** EXERCISE DESCRIPTION **
Given the material below, output exactly the lines from the line with "2017 Acura TLX" to the line with "LAND ROVER Freelander usata, con Fendinebbia", both ends included, and no other lines.

** GIVEN ENTRIES **
==*==

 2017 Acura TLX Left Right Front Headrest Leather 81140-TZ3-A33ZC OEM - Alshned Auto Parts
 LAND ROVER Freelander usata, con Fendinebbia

==*==

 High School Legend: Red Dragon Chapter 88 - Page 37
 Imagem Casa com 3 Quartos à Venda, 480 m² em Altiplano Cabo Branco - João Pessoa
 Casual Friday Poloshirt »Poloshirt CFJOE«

==*==

** WRITTEN SOLUTION **
 2017 Acura TLX Left Right Front Headrest Leather 81140-TZ3-A33ZC OEM - Alshned Auto Parts
 LAND ROVER Freelander usata, con Fendinebbia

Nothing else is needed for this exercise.